The policeman stopped, spun around, and saluted smartly. “My apologies, sir—I didn’t see you.”
Sarah had spent her childhood summers in Paris with her grandmother, on ?le St.-Louis. She knew firsthand Parisians had always enjoyed making jokes about buffoonish policemen. At the same time, there was a genuine affection for Monsieur L’Agent. Most French police officers had an easy and kindly manner. They seemed to represent the spirit of a free country. And they had never been required to salute French Army officers.
When the Germans arrived, all that had changed, and the French police had been turned into the Milice, the German-run military police.
“You will stand at attention!” the German sergeant bellowed.
The policeman did.
“You will salute me!”
The policeman did.
“And now you must run three times around the Palais.”
Sarah turned away, her heart constricting with deepest shame at the humiliation of the Parisian police.
Passing through the back doors of the Palais Garnier, she stepped into an austere world the public never saw: a realm of classes and rehearsals and hard work and sweat—far, far away from the glamour and gilt of the front of the theater. It had survived on orders from Joseph Goebbels, who’d instructed that Paris’s wheels of gaiety—music, dance, and theater—must keep turning at whatever cost.

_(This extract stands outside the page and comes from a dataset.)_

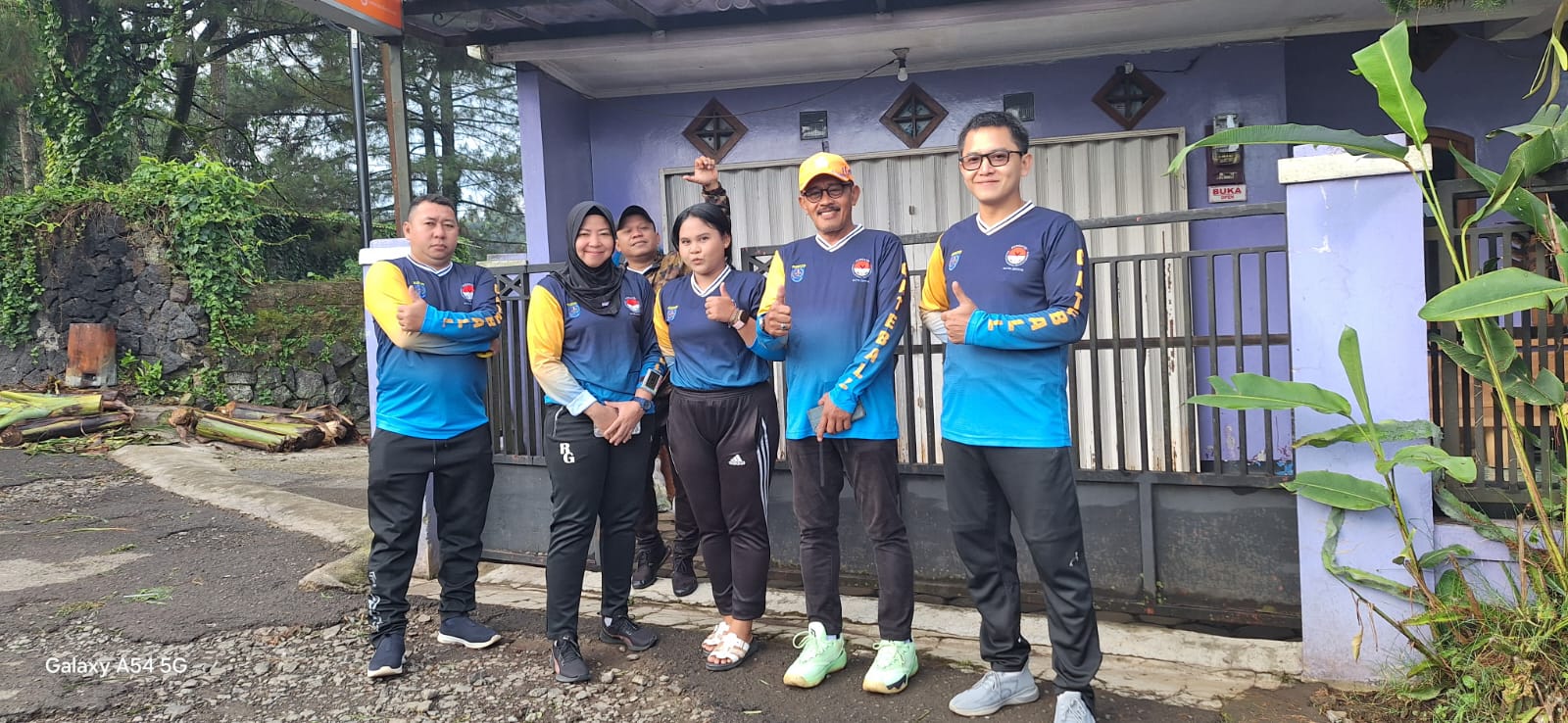 PERGATSI KOTA DEPOK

She strode down a long corridor with plain stone floors, hearing the squeak of violins warming up and seeing a throng of wiry, long-limbed dancers, thick woolen leg warmers and sweaters over their practice clothes, congregate like Edgar Degas figures before a cork bulletin board. They smelled of fresh sweat, face powder, and sweet perfume. Pinned in the center was a sheet of thick paper embossed with a black swastika.